La distribution est dominée par la Senta d'Asmik Grigorian, décidément la chanteuse que s'arrache la planète lyrique depuis ses débuts fracassants en Salomé à Salzbourg. Son ascension dans l'univers wagnérien fascine tant tout sonne vrai : voix inextinguible, naturel de la diction, projection sans faille, et surtout incarnation d'une confondante présence, à l'aune de la Ballade ou des duos avec Erik ou le Hollandais. Justesse des attitudes, des gestes et des mimiques, de la pure décontraction à la tragédie profonde, qui la voient brûler les planches avec un souci de vérité et une aisance déconcertante, faisant siennes les moindres intentions du metteur en scène. Il y a quelque chose de hors norme dans cette incarnation et en même temps de presque simple dans cette manière de faire vivre ce personnage déjà si typé chez Wagner, plus qu'Elsa (Lohengrin) ou qu'Elisabeth (Tannhäuser). Une prestation qui fera date. John Lundgren campe un Hollandais un peu effrayant par endroit, de par un physique imposant, pas spécialement beau, mais expressif dans une apparente indifférence, en réalité calculée. La voix de stentor pourrait en décibels presque pousser dans l'ombre celle de Daland, grâce à une robuste projection. La basse tout en rondeur de Georg Zeppenfeld, plus racée que sonore, lui permet un intéressant portrait du vieil homme de mer, pas rustaud comme souvent, quelque part élégant. La tinta wagnérienne est là, essentielle, dans sa distinction. Le personnage de Mary, tant mis en avant dans cette production, façon ''mère qui veut protéger la petite'', est bien buriné par Marina Prudenskaya, beau métal de mezzo et interprétation de poids dans le registre de la stupeur et du passage à l'acte. Les deux ténors sont moins à l'aise, Eric Cutler, Erik, bien lié mais sans grand charisme, et Attilio Glaser, Le pilote, un peu sur la réserve lors de son air du Ier acte. Les Chœurs du Festival, nursés par Eberhard Friedrich, sont parfaits, comme toujours, et apportent santé vocale et conviction dramatique à cette fresque.

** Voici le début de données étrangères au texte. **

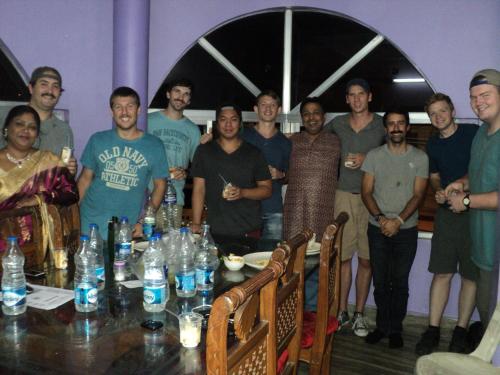 a group of people posing for a picture at a table at Royal Paying Guest in Kolkata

La direction d'Oksana Lyniv joue adroitement des contrastes d'une œuvre jouée d'un seul tenant, par des accents quelquefois martelés (chœurs du début du IIIème acte), des tempos parfois accélérés (fin du I) ou plutôt lents mais sentis (Ballade de Senta), permettant de faire émerger la dynamique entraînant ces pages hautes en couleurs et fortes de signification. Mais le sentiment d'urgence peut venir à manquer et l'impact dramatique sembler s'affaisser (duo entre le Hollandais et Daland au I). L'Orchestre du Festival, qu'on sent bien fourni, dispense des sonorités lustrées et lumineuses, en particulier à la petite harmonie. En un mot, une lecture irréprochable à laquelle manque un brin de souffle épique (Sawallisch/CD Orfeo/Bayreuther Festspiele 1959, Böhm/CD DG/Festival de 1971) ou la profondeur du génie (Klemperer/ CD Warner Classics).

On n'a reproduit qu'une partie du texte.